Une tinette, un récipient à eau et une couverture constituaient l’ameublement.

Au bas de la porte, était incrustée une plaque métallique agrémentée d’une vingtaine de trous de la dimension d’une pièce de deux francs. C’est par ces trous que pénétrait un peu d’air et de jour.

La discipline était stricte. Le moindre mouvement entrainait une nouvelle punition. De sorte qu’un condamné puni de trente jours de cachot pouvait très bien en récolter pour plus d’une année avant l’expiration de sa peine initiale. C’est d’ailleurs ce qui m’arriva.

Les cachots des Iles du Salut, à l’île Royale, étaient disposés à droite et à gauche d’un couloir assez étroit. Ce couloir recevait la lumière du jour par des fenêtres grillées placées très haut. Les punis y faisaient leurs brèves ablutions le matin, après le déferrage.

Il y avait dix-sept cachots.

Deux ou trois ans avant la venue au bagne d’Albert Londres, la « Revue Bleue » publiait un « Voyage aux Tropiques » d’une grande valeur au double point de vue littéraire et documentaire.

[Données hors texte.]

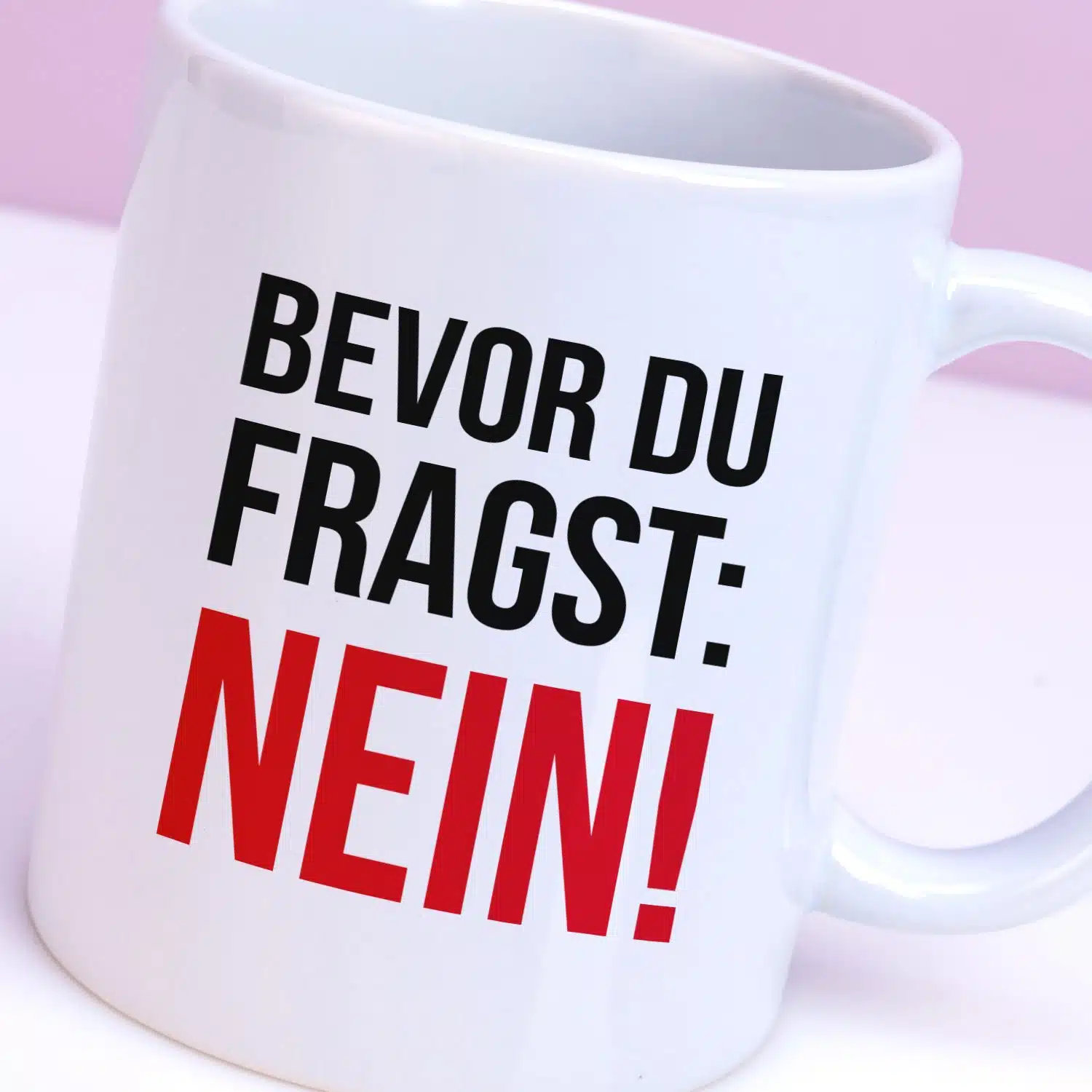 Tasse Bevor du fragst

Il était signé du nom de Louis Chadourne, talentueux écrivain prématurément enlevé aux lettres françaises. Chadourne ne fit que passer à la Guyane, ne s’arrêtant que quelques jours à Saint-Laurent-du-Maroni.

 

Dans un passage de sa belle relation, il dit : « Je me fis enfermer dans un de ces cachots. après que l’occupant en eut été extrait au préalable. J’y demeurai quelques minutes. Je me trouvais dans d’épaisses ténèbres ; une odeur innommable d’urine et d’air vicié se dégageait, qui me fit battre en retraite. Je ne pouvais comprendre que des hommes pussent séjourner durant des mois dans une telle atmosphère. Et pourtant, c’était bien le cas ». Oui, pour celui qui fait une telle expérience à titre d’amateur, telles sont, en effet, les impressions qu’il peut en recevoir. Mais pour eux qui subissaient cette incarcération, il n’en était pas de même. On s’habituait à cette obscurité, à la longue. On y voyait même assez pour pouvoir lire et écrire, à proximité des trous situés au bas de la porte. Et quant aux odeurs, à force de les humer les nerfs olfactifs n’en étaient même plus impressionnés – sinon inconsciemment.

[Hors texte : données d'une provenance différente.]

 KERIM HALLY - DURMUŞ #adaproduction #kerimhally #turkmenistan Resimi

J’ai séjourné une dizaine d’années dans ces tombeaux de la répression, dans l’espace de quinze ans, de 1909 à 1924. A cette dernière date, la punition de cachot devait être abolie, après l’enquête d’Albert Londres. Durant ce long séjour, il est bien certain que je n’aurais pas fait de vieux os, si je m’étais laissé aller à l’envoûtement de l’ambiance, au découragement, à la fatalité déprimante d’un sort inexorable.

Cela n’était pas. Je conservai, en dépit de toutes les souffrances et de toutes les privations, un moral inaltérable. Ma lutte épistolaire contre l’administration et ses suppôts, était pour moi un précieux dérivatif, ainsi que je l’ai déjà dit. Cela m’occupait et ainsi le temps s’écoulait. L’homme bien trempé est capable de supporter le pire, de demeurer impavide sous les coups répétés de l’adversité. Chaque fois que j’en exprimais le désir, – à peu près tous les jours – le surveillant de service me faisait donner le nécessaire pour écrire et je me mettais en devoir de bombarder les autorités de ma prose récriminatoire.